Sharding a Multi-Tenant App with Postgres

(Copy of original publication)

Whether you’re building marketing analytics, a portal for e-commerce sites, or an application to cater to schools, if you’re building an application and your customer is another business then a multi-tenant approach is the norm. The same code runs for all customers, but each customer sees their own private data set, except in some cases of holistic internal reporting.

Early in your application’s life customer data has a simple structure which evolves organically. Typically all information relates to a central customer/user/tenant table. With a smaller amount of data (10’s of GB) it’s easy to scale the application by throwing more hardware at it, but what happens when you’ve had enough success and data that you have no longer fits in memory on a single box, or you need more concurrency? You scale out, often painfully.

This scale out model has worked well for the likes of Google and Instagram, but also doesn’t have to be as complicated as you might think. If you’re able to model your multi-tenant data in the right way sharding can become much simpler and still give you the power you need from a database including joins, indexing, and more. While Citus lets you scale out your processing power and memory, how you model your data may determine the ease and flexibility you get from the system. If you’re building a multi-tenant SaaS application hopefully the following example highlights how you can plan early for scaling without having to contort too much of your application.

Tenancy

At the core of most non-consumer focused applications tenancy is already built in, whether you realize it or not. As we mentioned above you may have a users table. Let’s look at a very basic SaaS schema that highlights this:

CREATE TABLE stores (
  id UUID,
  owner_email VARCHAR(255),
  owner_password VARCHAR(255),
  name VARCHAR(255),
  url VARCHAR(255),
  last_login_at TIMESTAMPTZ,
  created_at TIMESTAMPTZ
)

CREATE TABLE products (
  id UUID,
  name VARCHAR(255),
  description TEXT,
  price INTEGER,
  quantity INTEGER,
  store_id UUID,
  created_at TIMESTAMPTZ,
  updated_at TIMESTAMPTZ
)

CREATE TABLE purchases (
  id UUID,
  product_id UUID,
  customer_id UUID,
  store_id UUID,
  price INTEGER,
  purchased_at TIMESTAMPTZ,
)

The above schema highlights an overly simplified multi-tenant e-commerce site. Say for example someone like an Etsy. And of course there are a number of queries you would run against this:

List the products for a particular store:

SELECT id,
       name,
       price
FROM products
WHERE store_id = 'foo';

Or let’s say you want to compute how many purchases exist weekly for a given store:

SELECT date_trunc('week', purchased_at),
       sum(price * quantity)
FROM purchases,
     stores
WHERE stores.id = products.stores_id
  AND store_id = 'foo'

From here you could envision how to give each store its own presence and analytics. Now if we fast-forward a bit and start to look at scaling this out then we have a choice to make on how we’ll shard the data. The easiest level to do this at is the tenant level or in this case on store id. With the above data model the largest tables over time are likely to be products and purchases, we could shard on both of these. Though if we choose products or purchases the difficulty lies in the fact that we may want to do queries that focus on some high level item such as store. If we choose store id then all data for a particular store would exist on the same node, this would allow you push down all computations directly to the a single node.

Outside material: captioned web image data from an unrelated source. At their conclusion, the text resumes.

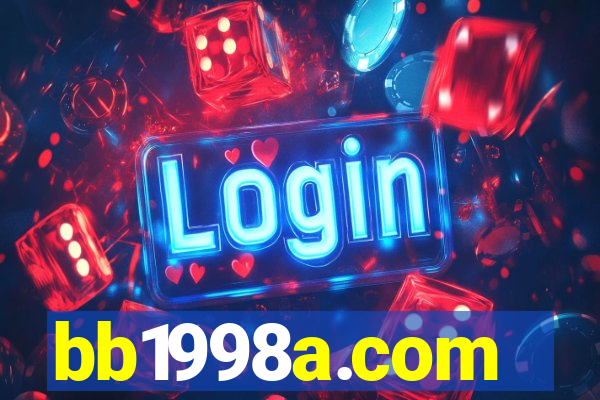 bb1998a.com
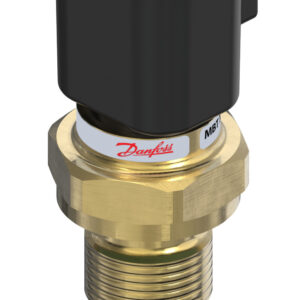 Danfoss Temperature sensor, MBT 3270, 28 mm, G,1/4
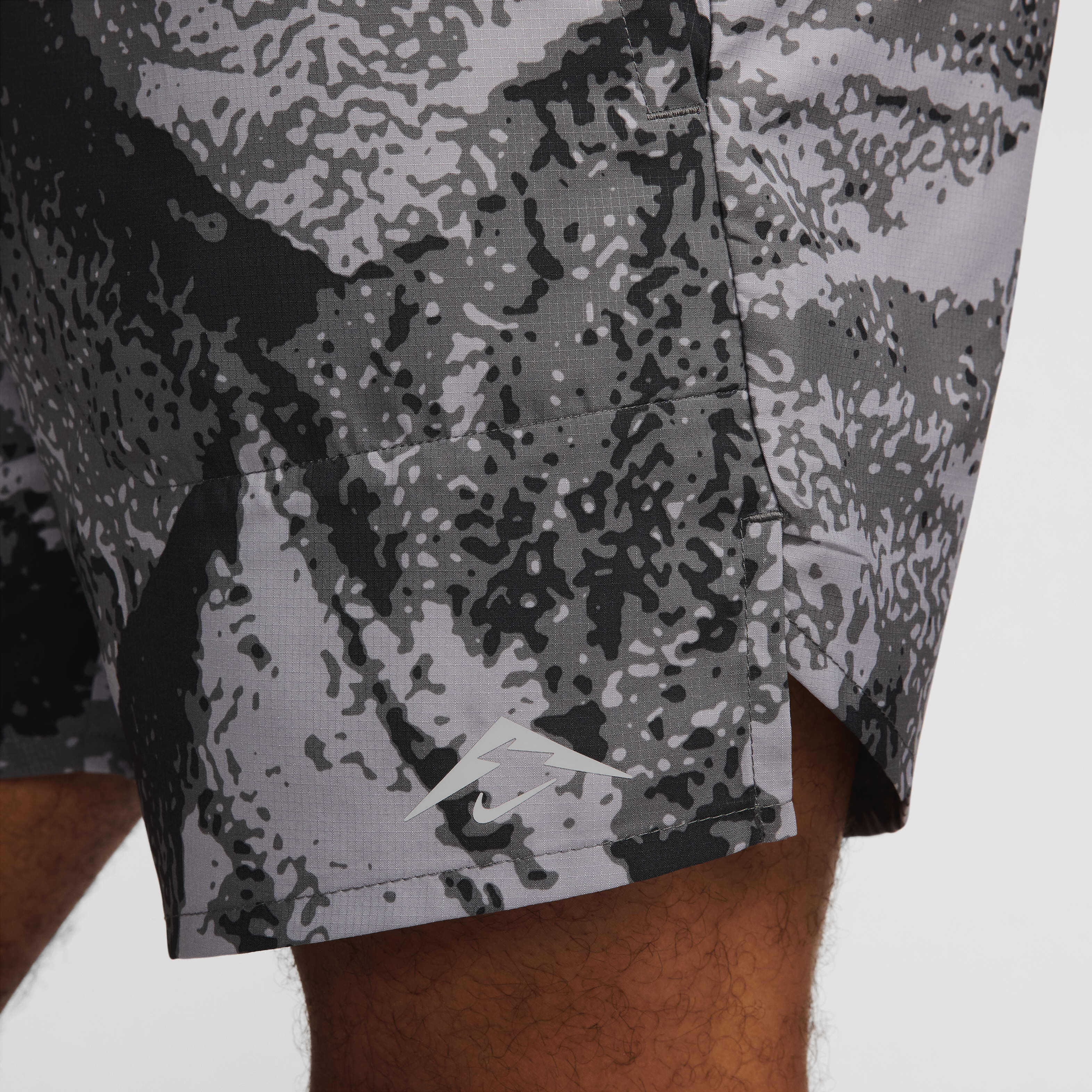 نايكي تريل سترايد image number 8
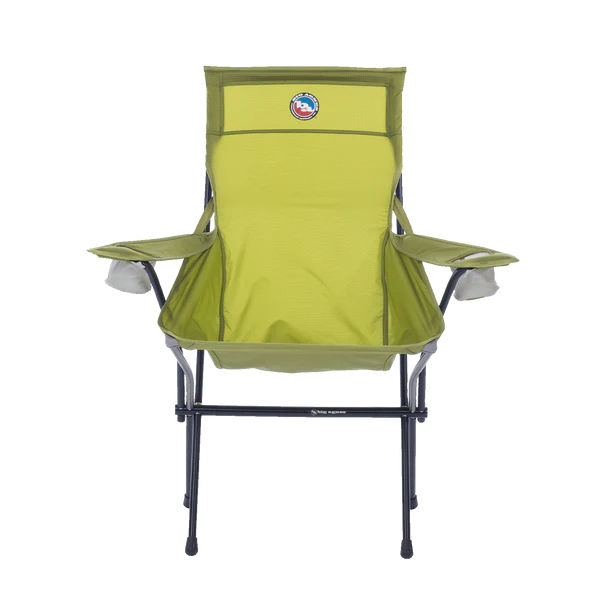 Big Agnes Big Six Armchair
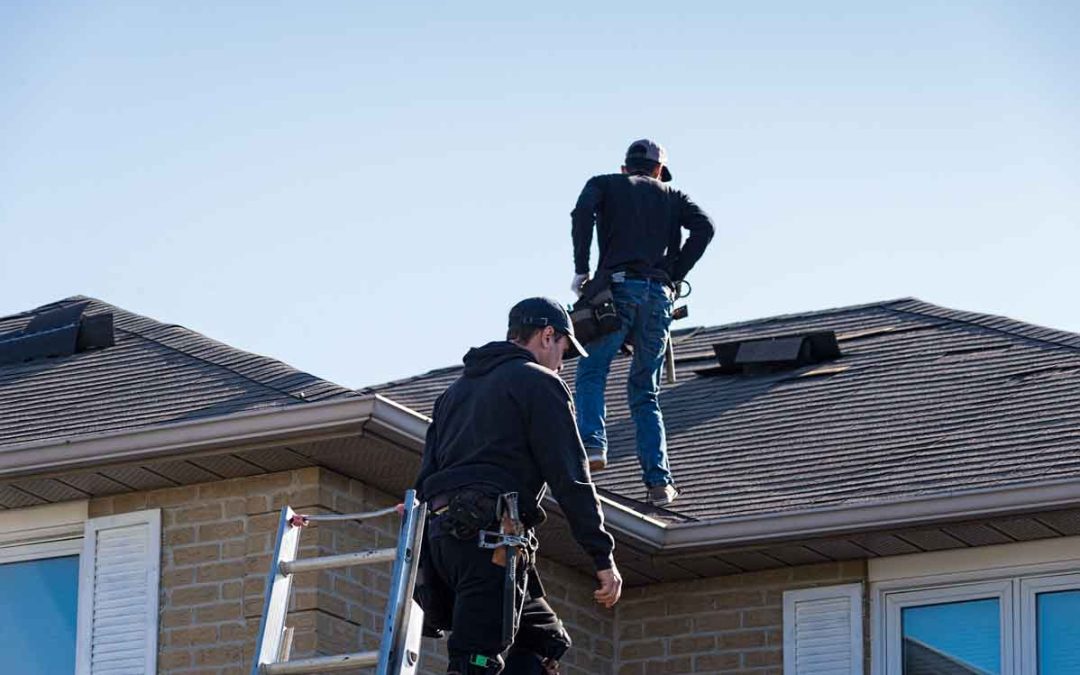 Roofing-Repair-Service-upd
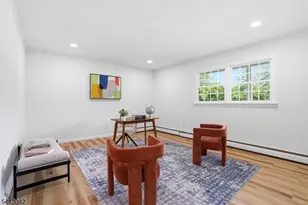 334 Daniel St, Rockaway Township, NJ 07801 - Photo 18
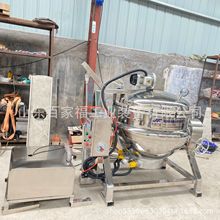 ̫���������ӟ���������Ԓ÷�Ӹɲ��P�ؓ������側�����ؓ���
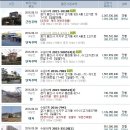 다향한우촌 이미지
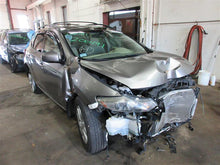 Load image into Gallery viewer, Compact Spare Wheel Nissan Murano 2003 03 2004 04 2005 05 06 07 09 10 11 18x4 - 1038543
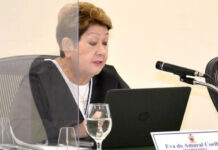 Quem é a desembargadora que disse que categoria pode entrar em ‘regime de escravidão’; STF limita penduricalhos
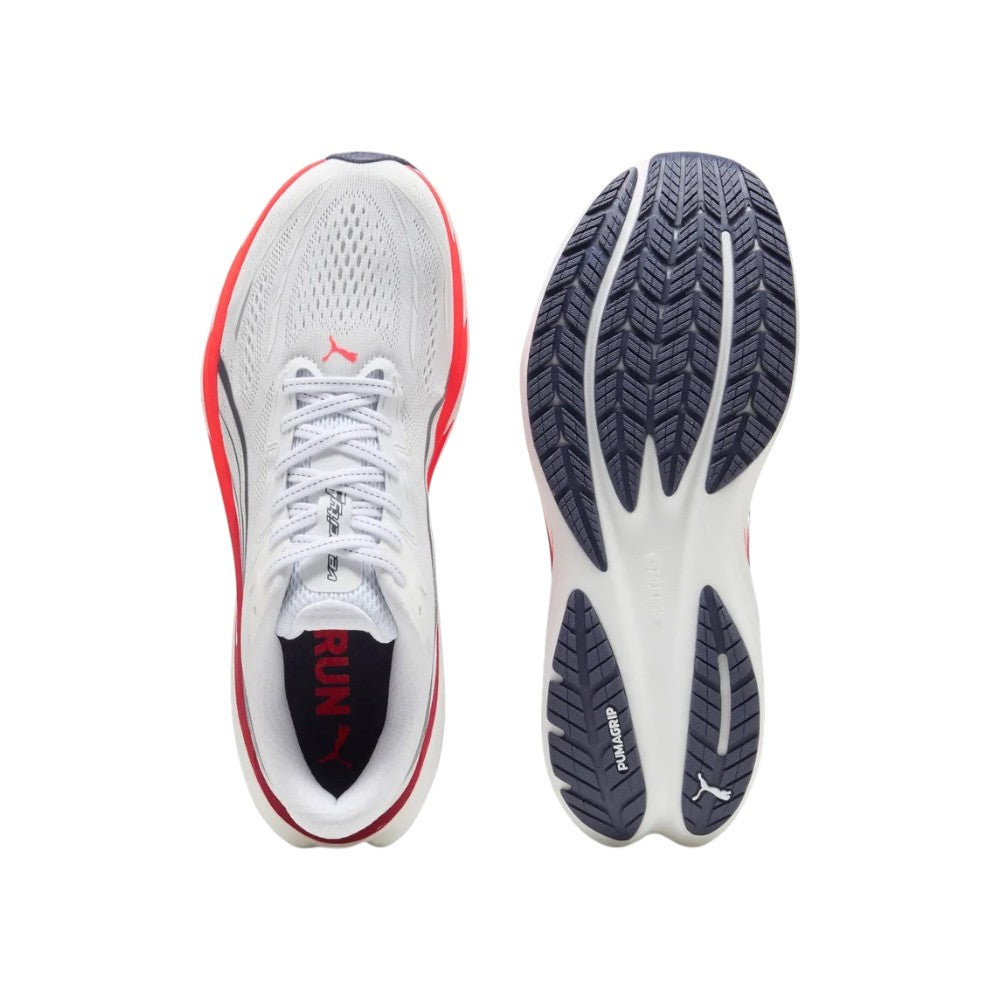 PUMAFW26/quality-sport-scarpe-running-puma-312944-05-3.jpg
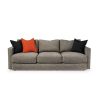 THAYER COGGIN Mr. Big - Sofa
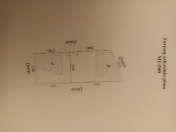 Satılır 3 otaqlı 248 m2 bağ evi Mərdəkan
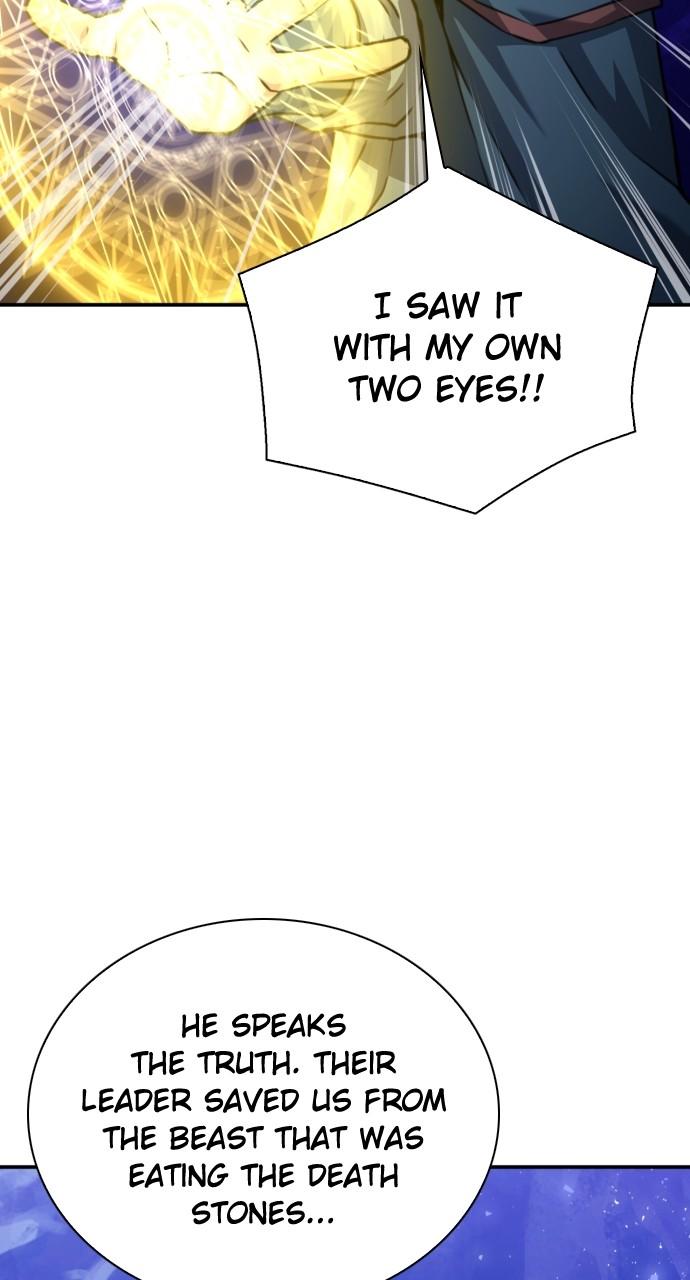 Seoul Station Druid Chap 165 - Next Chap 166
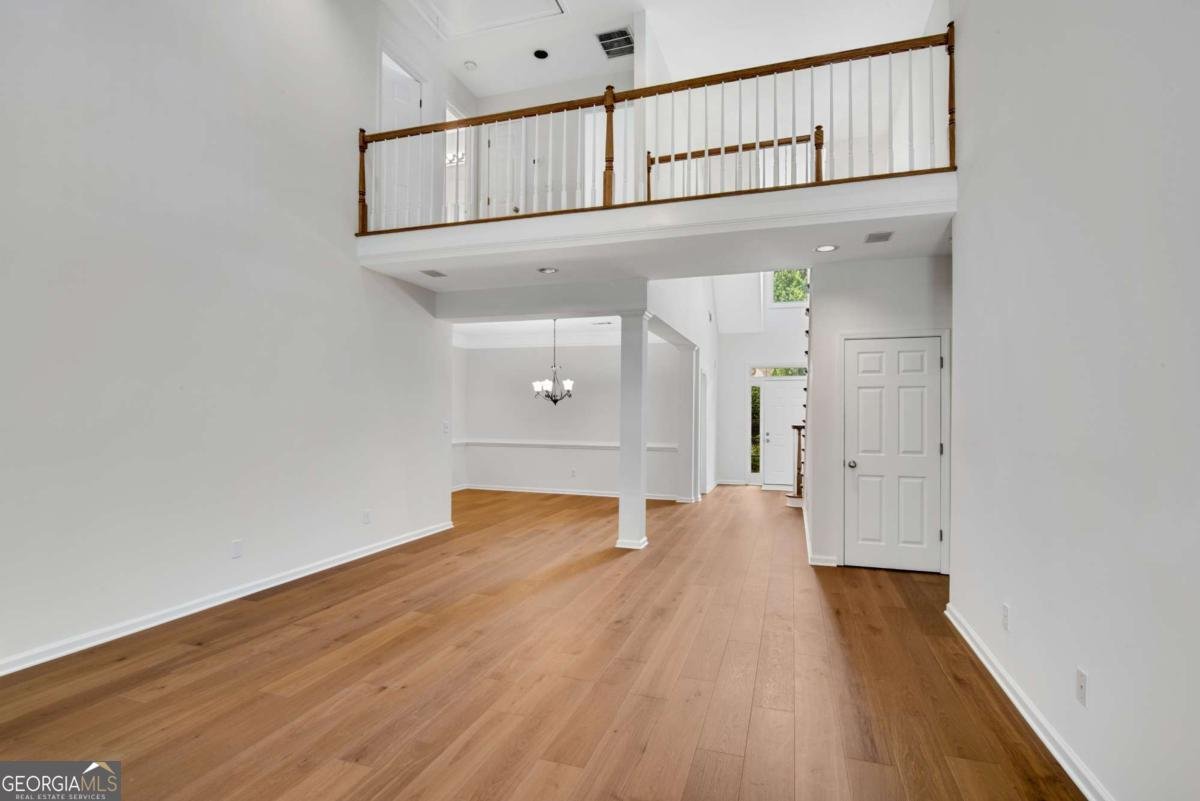 4069 Tritt Homestead Marietta - Photo 10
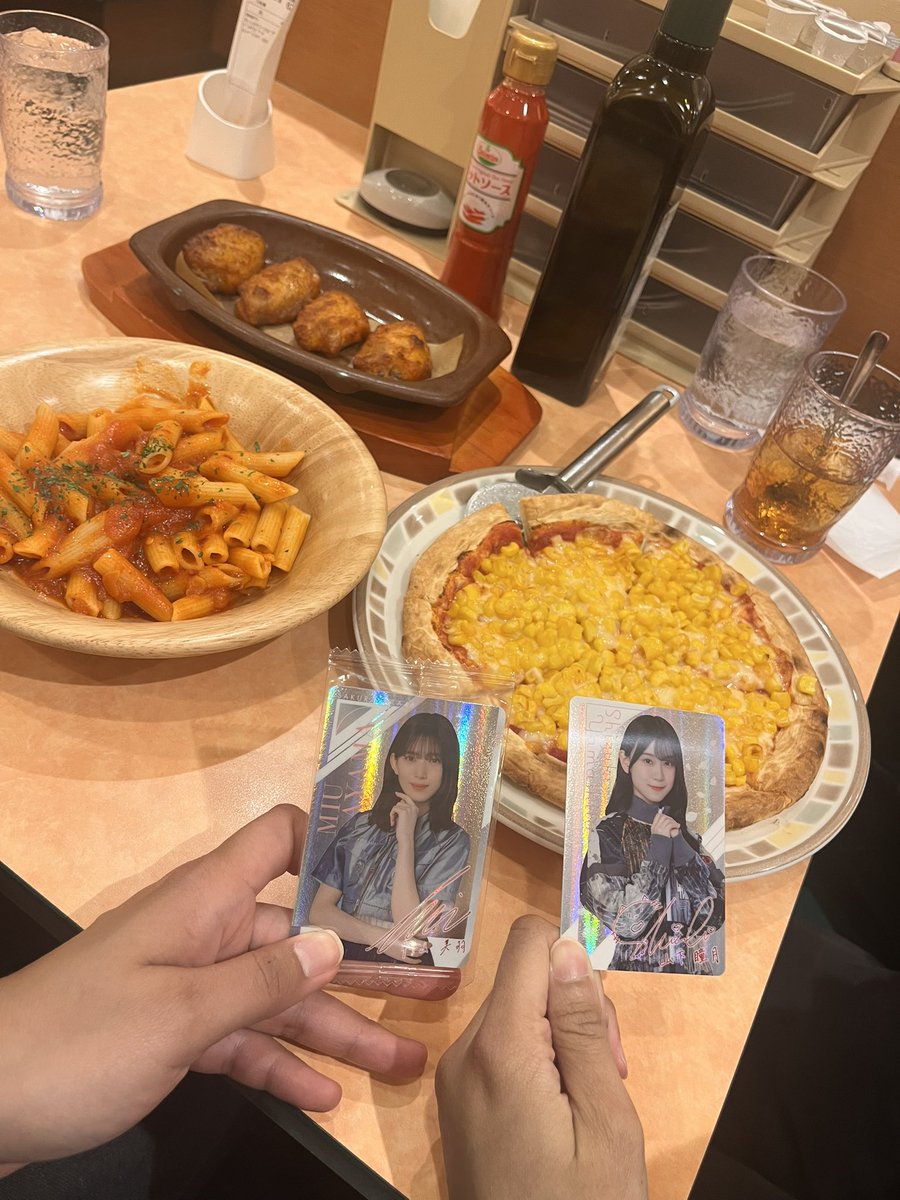 Nabilah tweet media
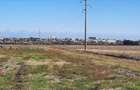 OCAZIE ! EFORIE NORD, ULTIMELE 3 LOTURI, 517 MP. 19.500 EURO IDEAL INVESTITIE ! - 4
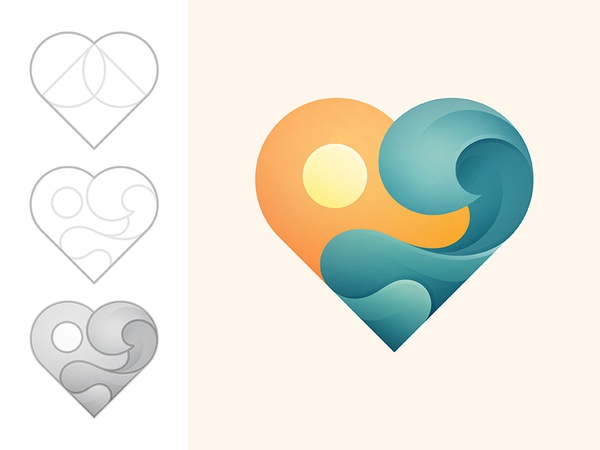 Love Sunset yp © yoga perdana logo.jpg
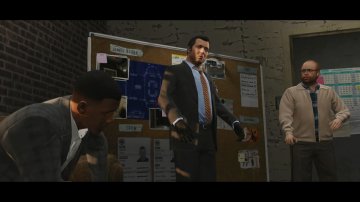Grand Theft Auto V officiële trailer233.jpg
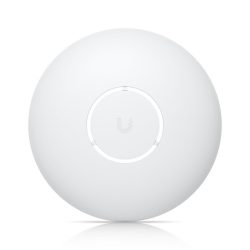 Ubiquiti UniFi UACC-U7-Cover U7-Pro festhető borító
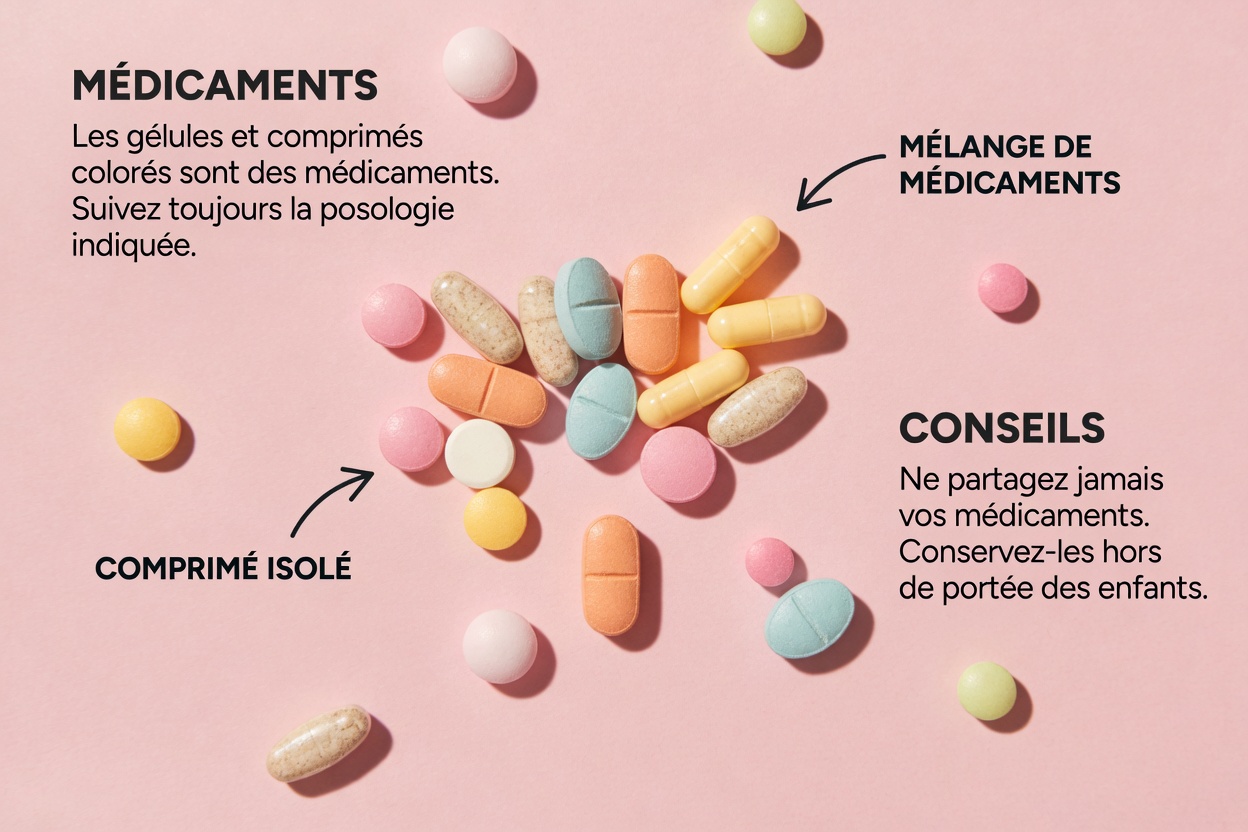 3 vitamines à prendre au coucher qui pourraient transformer la force des jambes après 60 ans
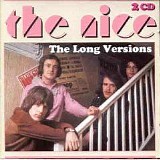 The Nice - Long Versions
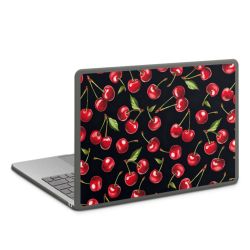 Hard Case for MacBook anthracite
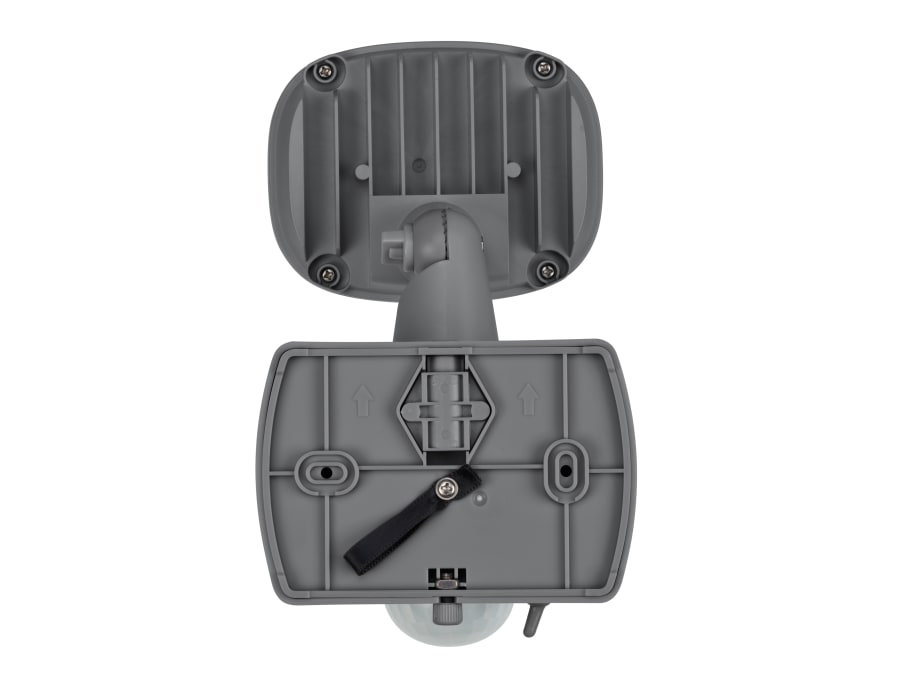 Brennenstuhl LUFOS 200 Wireless SMD-LED Light with Motion Detector 210 Lumen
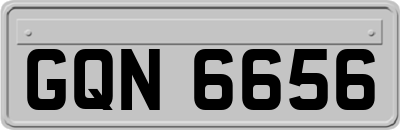 GQN6656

Multi-tenancy and co-location, a perfect pair

Co-locating data within the same physical instance avoids sending data over the network during joins. This can result in much faster operations. With Citus there are a number of ways to move your data around so you can join and query it in a flexible manner, but for this class of multi-tenant SaaS apps it’s simple if you can ensure data ends up on the shard. To do this though we need to push down our store id to all of our tables.

The key that makes this all possible is including your store_id on all tables. By doing this you can easily shard out all your data so it’s located on the same shard. In the above data model we coincidentally had store_id on all of our tables, but if it weren’t there you could add it. This would put you in a good position to distribute all your data so it’s stored on the same nodes. So now lets try sharding our tenants, in this case stores:

SELECT create_distributed_table('stores', 'id');
SELECT create_distributed_table('products', 'store_id');
SELECT create_distributed_table('purchases', 'store_id');

Now you’re all set. Again, you’ll notice that we shard everything by store_id–this allows all queries to be routed to a single Postgres instance. The same queries as before should work just fine for you as long as you have store_id on your query. An example layout of your data now may look something like:

The alternative to colocation is to choose some lower level shard key such as orders or products. This has a trade-off of making joins and querying more difficult because you have to send more data over the network and make sure things work in a distributed way. This lower level key can be useful for consumer focused datasets, if your analytics are always against the entire data set as is often the case in metrics-focused use cases.

In conclusion

It’s important to note that different distribution models can have different benefits and trade-offs. In some cases modeling on a lower level entity id such as products or purchases can be the right choice. You gain more parallelism for analytics and trade off simplicity in querying a single store. Either choice of picking a multi-tenant data model or adopt a more distributed document model can be made to scale, but each comes with its own trade-offs.